Split the field id map from the weight of each fields #4631

irevoire · 2024-05-13T14:03:45Z

Pull Request

Related issue

What does this PR do?

Make the (internal) searchable fields database always contain the searchable fields (instead of None when the user-defined searchable fields were not defined)
Introduce a new « fieldids_weights_map » that does the mapping between a fieldId and its Weight
Ensure that when two searchable fields are swapped, the field ID map doesn't change anymore (and thus, doesn't re-index)
Uses the weight instead of the order of the searchable fields in the attribute ranking rule at search time
When no searchable attributes are defined, make all their weights equal to zero
When a field is declared as searchable and contains nested fields, all its subfields share the same weight

Impact on relevancy

When no searchable attributes are declared

When no searchable attributes are declared, all the fields have the same importance instead of randomly giving more importance to the field we've encountered « the most early » in the life of the index.

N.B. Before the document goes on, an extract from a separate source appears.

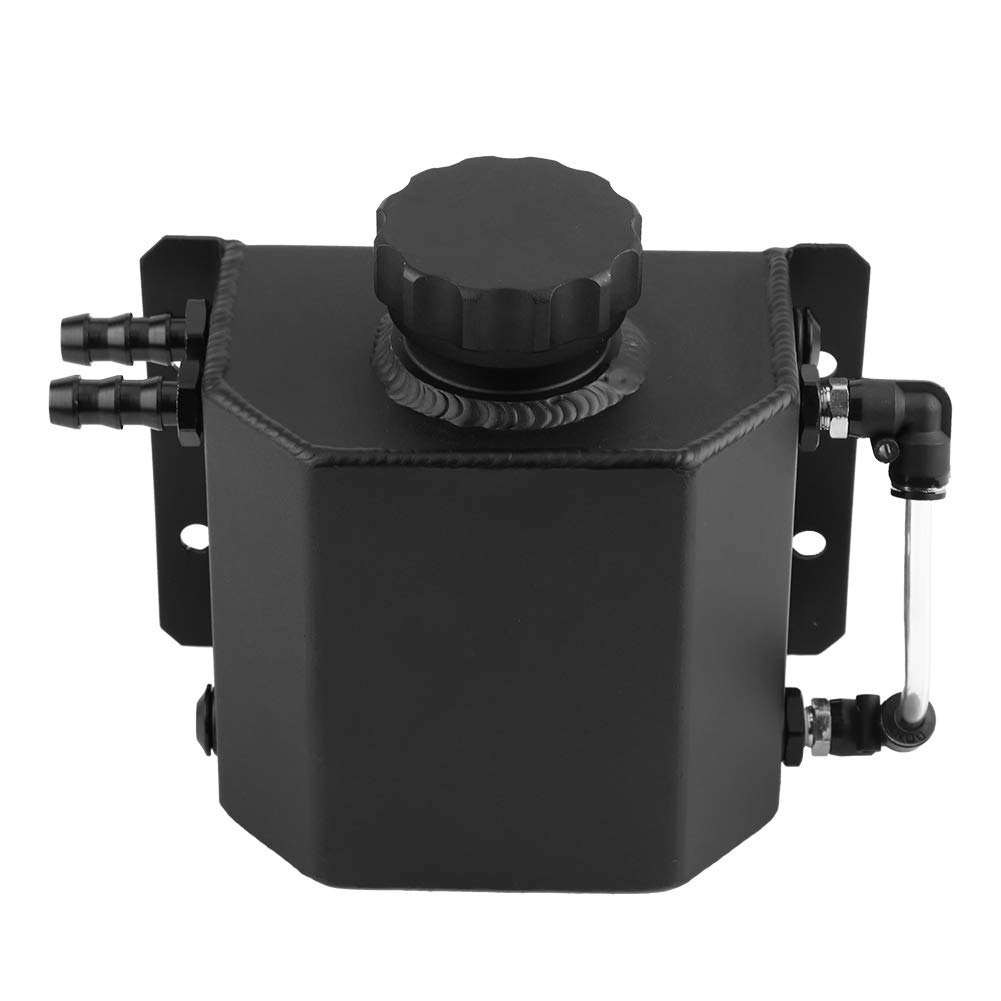 Bouteille de Reniflard de Bidon de Récupération d'huile Moteur en Aluminium de 1 L avec Bouchon de Vidange Bidon Froid Noir pour Bouteille de Reniflard de Récupération d'huile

This means that before this PR, send the following json:

[
  { "id": 0, "name": "kefir", "color": "white" },
  { "id": 1, "name": "white", "last name": "spirit" }
]

Would make the field name more important than the field color or last name.
This means that searching for white would make the document 1 automatically higher ranked than the document 0.

After this PR, all the fields have the same weight, and none are considered more important than others.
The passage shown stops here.